The core and most essential step in data wrangling/analysis is to import all files required and related to the task at hand. The most commonly used data file format is CSV, which stands for comma separated values.

Often, extracts from software data or databases are given in CSV. It is highly important to get familiar with this format. Although CSV seems easy to handle, there are several traps on the way. Because CSV are essentially just simple and unprotected text files, many formatting errors can slip through them. A good data wrangler is able to tell what is a good CSV and what is bad CSV, and, very importantly, is able to produce high quality CSV.

Note that, in most computers, CSV files are by default associated with Excel. Although Excel can be sometimes helpful, it generally falls into all CSV traps. I strongly advise you to install a lightweight, code-oriented text editor, such as Atom or Sublime Text, and associate CSV files with this text editor.

https://www.sublimetext.com/

# Task 1: Import glaciers.csv
**Your mission if you choose to accept it:**<br>
You are the new data analyst of a climate-concerned think tank. You are asked to identify the glaciers that are most vulnerable to climate change. They have sourced *glaciers.csv*, which is a scientific dataset on the world's glaciers. The first step is to open the file and observe the first lines.

### Import all necessary libraries

In [1]:
import pandas as pd

### Use the read_csv() method to read in the glaciers.csv file

In [2]:
df = pd.read_csv('glaciers.csv')

  df = pd.read_csv('glaciers.csv')


### Look at the top or bottom five lines of the dataframe using head() or tail() respectively

In [4]:
df.shape[0]

132890

## Task 2: Import all foodfacts file

**Your mission if you choose to accept it:**<br>
You are now in a NGO that focuses on healthy food, and have been asked to analyze the nutritonal qualities of the specific products. You downloaded extracts of the open food facts database https://world.openfoodfacts.org/.

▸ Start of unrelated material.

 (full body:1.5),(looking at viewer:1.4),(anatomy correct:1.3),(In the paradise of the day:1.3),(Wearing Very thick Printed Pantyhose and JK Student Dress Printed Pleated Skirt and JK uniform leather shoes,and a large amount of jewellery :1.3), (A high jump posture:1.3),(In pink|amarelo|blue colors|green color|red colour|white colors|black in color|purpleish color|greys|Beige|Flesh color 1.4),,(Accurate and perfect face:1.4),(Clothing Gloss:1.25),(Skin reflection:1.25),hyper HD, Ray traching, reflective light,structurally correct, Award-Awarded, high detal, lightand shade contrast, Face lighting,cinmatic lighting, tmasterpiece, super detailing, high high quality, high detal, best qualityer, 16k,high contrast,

*foodfacts.csv* is a real extract. It has the classic CSV format and can be easily loaded.

But life is not always that easy. You probably will encounter non-classic CSV files throughout your carreer. The other foodfacts files are modified versions of *foodfacts.csv*. Try to load them. Do not hesitate to open the file directly using a text editor to inspect what has changed, and envision potential solution on how to load it with python.

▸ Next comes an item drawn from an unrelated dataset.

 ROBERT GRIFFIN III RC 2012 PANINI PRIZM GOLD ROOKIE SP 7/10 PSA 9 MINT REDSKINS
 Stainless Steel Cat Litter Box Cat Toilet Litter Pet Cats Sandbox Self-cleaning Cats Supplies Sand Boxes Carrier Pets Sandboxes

Hint: You can load most files in python in directly. For one of them, though, you will need to edit the file itself.

Note that these non-classic or seemingly corrupted CSVs are not uncommon at all. 

It is important to know how to handle them.


*Data files required:*
- *foodfacts.csv*
- *foodfacts2.csv*
- *foodfacts3.csv*
- *foodfacts4.csv*
- *foodfacts5.csv*
- *foodfacts.tsv*
- *foodfacts.txt*
- *foodfacts*

### Start with foodfacts.csv

In [7]:
foodfacts = pd.read_csv('foodfacts.csv')
foodfacts.head()

Unnamed: 0,date_added,code,product_name,quantity,nutrition-score-fr_100g
0,24/03/2020 08:21:00,100,moutarde au moût de raisin,100g,18
1,08/03/2020,5470,BAguette bressan,250g,-4
2,24/02/2020,2946,Pâte a tartiner,100g,2
3,16/02/2020,274739,Raviolini au Fromage de chèvre et Pesto,300g,2
4,24/03/2020,290616,Salade Cesar,0.980kg,6


### Then foodfacts2.csv

In [8]:
foodfacts2 = pd.read_csv('foodfacts2.csv')
foodfacts2.head()

Unnamed: 0,24/03/2020 08:21:00,0000000000100,moutarde au moût de raisin,100g,18
0,08/03/2020,5470,BAguette bressan,250g,-4
1,24/02/2020,2946,Pâte a tartiner,100g,2
2,16/02/2020,274739,Raviolini au Fromage de chèvre et Pesto,300g,2
3,24/03/2020,290616,Salade Cesar,0.980kg,6
4,06/05/2020,491228,Entremets Crème Brulée,20g,2


Something doesn't seem right with the column headers, modify the arguments such that the header = None

In [9]:
foodfacts2 = pd.read_csv('foodfacts2.csv',header = None)
foodfacts2.head()

Unnamed: 0,0,1,2,3,4
0,24/03/2020 08:21:00,100,moutarde au moût de raisin,100g,18
1,08/03/2020,5470,BAguette bressan,250g,-4
2,24/02/2020,2946,Pâte a tartiner,100g,2
3,16/02/2020,274739,Raviolini au Fromage de chèvre et Pesto,300g,2
4,24/03/2020,290616,Salade Cesar,0.980kg,6


### Now try the file called foodfacts (without extenstion).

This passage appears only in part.